Carla HowellOn May 22, 2008, the Western Standard reported that the Center for Small Government, for the second time since 2002, is trying to introduce a ballot initiative to end income taxation in the State of Massachussets. In 2002, 45 percent of the state voted to scrap the state’s income tax. With the figures for early 2008 show similar levels of support, the collectivists – this time – are spending big money to fight the elimination of taxation.

In the comments to the Western Standard story, Anonymous noted that Massachusset’s state revenue would drop only 39% were the income tax to be scrapped. He/she asked others to do the math for Canada and its provinces. I posted the following, in reply:

Here’s the math for Ontario (based on actual 2006-07 figures; see the 2008 Ontario budget).

REVENUES

1. Ontario’s total provincial tax revenue (including r.s.t. etc.) = $64,310M

2. Federal tax revenues transferred to Ontario = $14,036M

3. Income from government business enterprises = $4,196M

4. Other non-tax revenue = $7,855M

TOTAL PROVINCIAL REVENUE = $90,397M

Now, in Ontario, income taxation is split into four main, separate taxes (first number in parentheses represents percentage of total provincial revenue; second number in parentheses represents percentage of provincial income tax revenue):

i) Personal Income Tax: $23,655M (26% / 57%)
ii) Corporations Tax: $10,845M (12% / 26%)
iii) Employer Health Tax: $4,371M ( 5% / 11%)
iv) Ontario Health Premium: $2,589M ( 3% / 6%)
TOTAL PROVINCIAL INCOME TAX $41,460M (46%)

Ontario’s major expense is Health Care: approx. $40,400M (approximately 97% of Provincial Income Tax Revenues; approximately 63% of total Provincial Tax revenues of all kinds; and approximately 42% of total provincial revenues).

The relationship between total income taxes and total health expenditures is pretty reliable. Have a look at recent budgets. This suggests: Ontario’s policy is to finance socialized health care with income taxes. If that’s correct, why income taxes? Because, unlike retail sales taxes, income taxes you can impose PROGRESSIVE RATE STRUCTURES on income taxes. So: the philosophy is that the more you make, the more peoples’ health care you should pay for.

From each according to his ability, to each according to his need.

One quick note about my figures:

The Health Care figures are drawn solely from 2008-09 projections. The reason is that it is not clear, looking at the tables, exactly what parts are considered “health care”. The health “sector” is said to have a $40.4B budget for 2008-09, so I’m using that figure. The 42% figure means: 42% of predicted 2008-09 revenue. That’s probably about as accurate and as current as you can get with the budget info provided.

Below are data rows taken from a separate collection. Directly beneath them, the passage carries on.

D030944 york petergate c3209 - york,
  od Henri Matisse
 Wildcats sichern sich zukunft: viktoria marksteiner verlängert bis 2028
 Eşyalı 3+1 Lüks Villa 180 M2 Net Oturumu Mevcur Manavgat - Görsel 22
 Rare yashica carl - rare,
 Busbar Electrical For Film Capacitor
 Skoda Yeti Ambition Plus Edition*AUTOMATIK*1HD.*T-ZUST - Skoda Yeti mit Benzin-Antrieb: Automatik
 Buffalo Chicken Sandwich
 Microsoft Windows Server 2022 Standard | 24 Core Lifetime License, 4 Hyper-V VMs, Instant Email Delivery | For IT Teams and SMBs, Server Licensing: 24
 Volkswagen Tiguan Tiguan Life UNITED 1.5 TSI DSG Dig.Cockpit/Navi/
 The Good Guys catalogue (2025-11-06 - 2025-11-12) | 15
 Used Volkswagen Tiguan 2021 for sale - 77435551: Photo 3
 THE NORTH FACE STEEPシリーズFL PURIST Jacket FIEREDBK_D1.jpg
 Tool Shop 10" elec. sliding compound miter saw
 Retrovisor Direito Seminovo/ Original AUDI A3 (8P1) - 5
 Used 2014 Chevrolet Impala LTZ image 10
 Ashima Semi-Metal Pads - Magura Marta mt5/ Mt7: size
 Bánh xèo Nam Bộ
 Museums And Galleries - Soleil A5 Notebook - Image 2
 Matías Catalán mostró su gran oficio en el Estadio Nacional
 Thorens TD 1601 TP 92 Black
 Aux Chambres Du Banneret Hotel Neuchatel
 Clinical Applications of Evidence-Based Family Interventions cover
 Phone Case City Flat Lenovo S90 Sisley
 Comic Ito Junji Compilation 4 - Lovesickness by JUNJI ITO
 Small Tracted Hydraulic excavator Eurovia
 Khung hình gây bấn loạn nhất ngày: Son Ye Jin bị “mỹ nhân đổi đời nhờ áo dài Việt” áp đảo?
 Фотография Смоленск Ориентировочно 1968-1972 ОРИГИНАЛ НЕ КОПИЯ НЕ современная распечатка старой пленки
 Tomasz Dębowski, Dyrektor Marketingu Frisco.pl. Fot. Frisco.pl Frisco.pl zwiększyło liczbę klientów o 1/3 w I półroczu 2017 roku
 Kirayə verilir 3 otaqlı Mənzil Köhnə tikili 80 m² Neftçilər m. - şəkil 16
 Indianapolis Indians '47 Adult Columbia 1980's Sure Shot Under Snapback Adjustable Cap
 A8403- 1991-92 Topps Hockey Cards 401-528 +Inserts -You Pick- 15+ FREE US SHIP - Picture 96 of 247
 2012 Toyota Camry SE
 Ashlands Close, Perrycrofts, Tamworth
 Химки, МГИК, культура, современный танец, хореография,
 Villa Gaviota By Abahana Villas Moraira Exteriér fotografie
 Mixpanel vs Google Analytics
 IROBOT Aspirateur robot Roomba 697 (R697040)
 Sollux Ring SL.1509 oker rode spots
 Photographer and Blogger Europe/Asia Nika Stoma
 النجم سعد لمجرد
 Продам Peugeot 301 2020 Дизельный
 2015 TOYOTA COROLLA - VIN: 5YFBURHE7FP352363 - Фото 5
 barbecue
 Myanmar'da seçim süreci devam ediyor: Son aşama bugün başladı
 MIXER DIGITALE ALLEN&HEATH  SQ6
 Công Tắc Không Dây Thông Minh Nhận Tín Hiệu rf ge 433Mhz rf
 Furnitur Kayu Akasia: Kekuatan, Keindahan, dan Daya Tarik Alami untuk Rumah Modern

Above, the percentage of provincial income tax, and of provincial taxes, spent upon health care involved a comparison of 2008-09 health care ($40.4B) to 2006-07 income tax and provincial tax revenues. Note that that’s not really comparing apples to apples. If we use the 2008-09 revenue figures for provincial income taxes, we have revenues of $45,140M, such that health represents 89% of provincial income taxes. If we use 2008-09 revenue figures for total provincial taxation, we have revenues of $68,975M, such that health represents 59% of total provincial tax revenues…that’s about the same percentage as it has been over the last few years.